§ Exercise prompt: Set out exactly, line by line, the stretch of data below that begins at the line containing "45 Douglass St, New" and ends at the line containing "Indoor entryway for", with both ends kept.

[[ Input for this task open ]]

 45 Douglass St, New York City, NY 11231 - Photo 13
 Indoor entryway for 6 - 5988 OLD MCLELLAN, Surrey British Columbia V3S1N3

[[ Input for this task closed ]]
[[ Input for this task open ]]

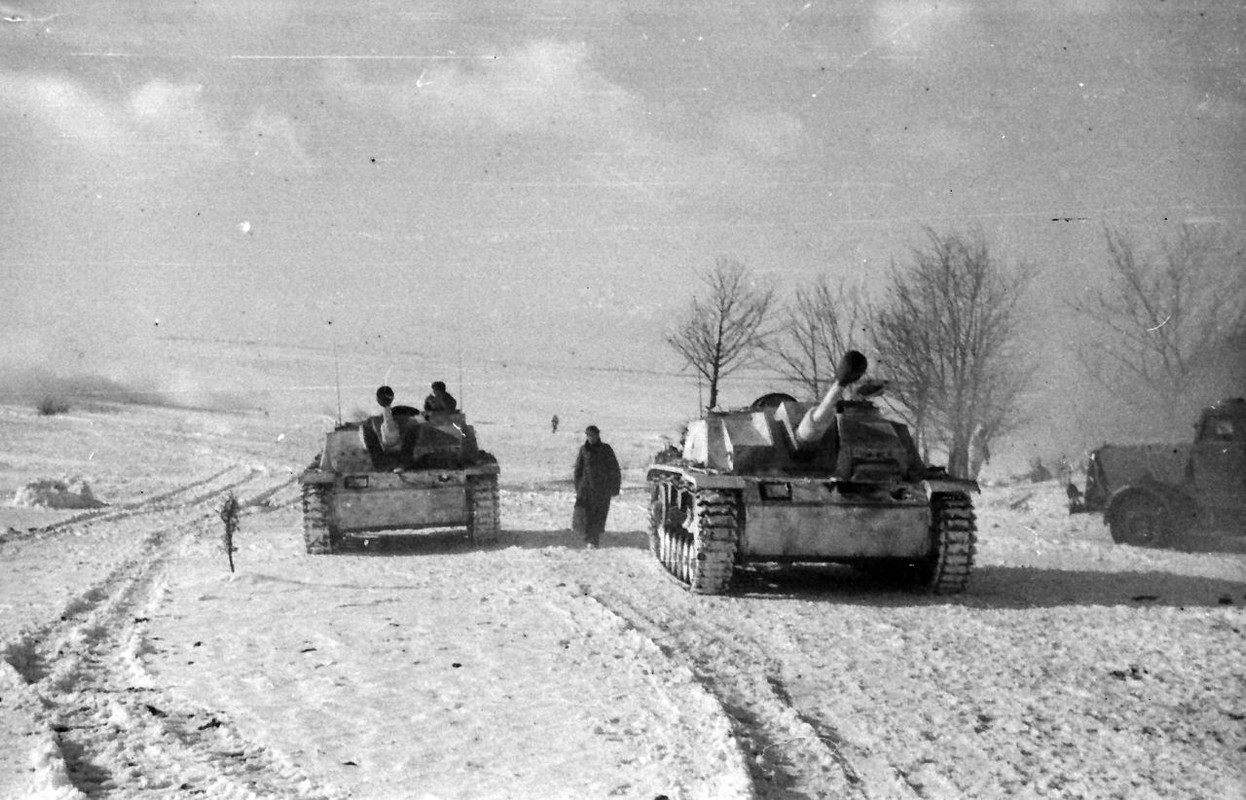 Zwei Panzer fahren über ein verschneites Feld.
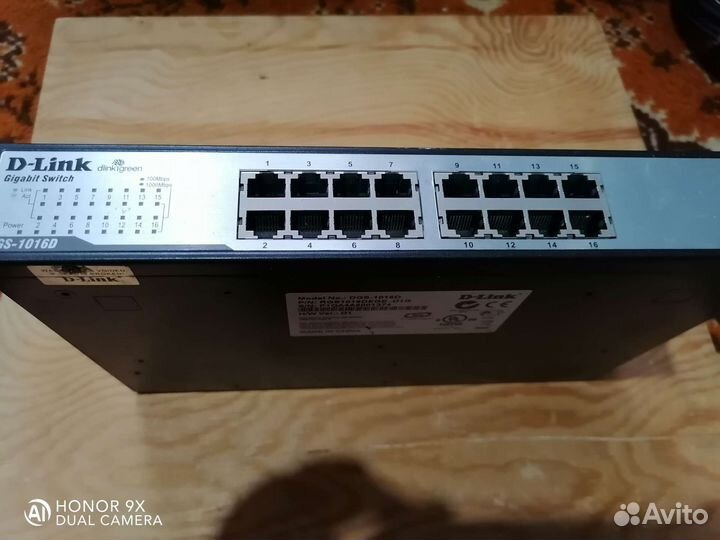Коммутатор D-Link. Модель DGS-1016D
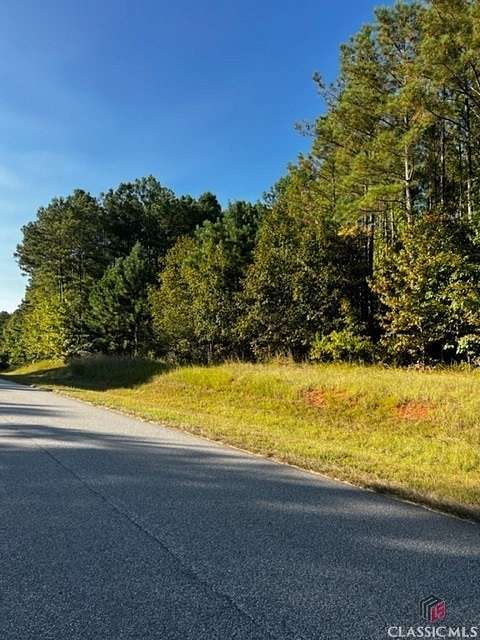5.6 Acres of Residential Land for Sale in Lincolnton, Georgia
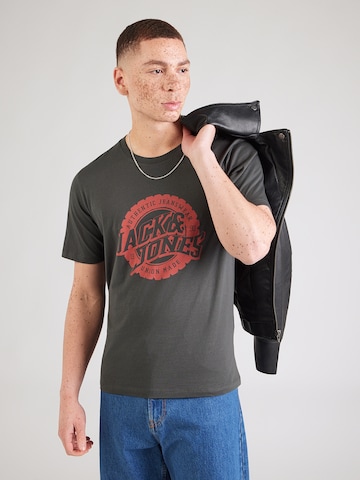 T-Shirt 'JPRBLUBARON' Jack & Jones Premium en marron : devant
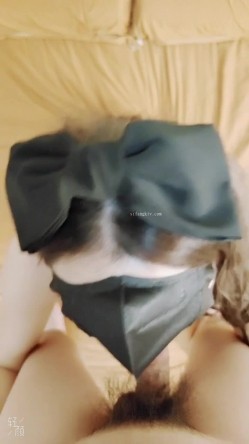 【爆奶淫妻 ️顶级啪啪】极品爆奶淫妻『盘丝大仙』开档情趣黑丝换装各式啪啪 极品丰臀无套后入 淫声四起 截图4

[[ Input for this task closed ]]

§ Result:
 45 Douglass St, New York City, NY 11231 - Photo 13
 Indoor entryway for 6 - 5988 OLD MCLELLAN, Surrey British Columbia V3S1N3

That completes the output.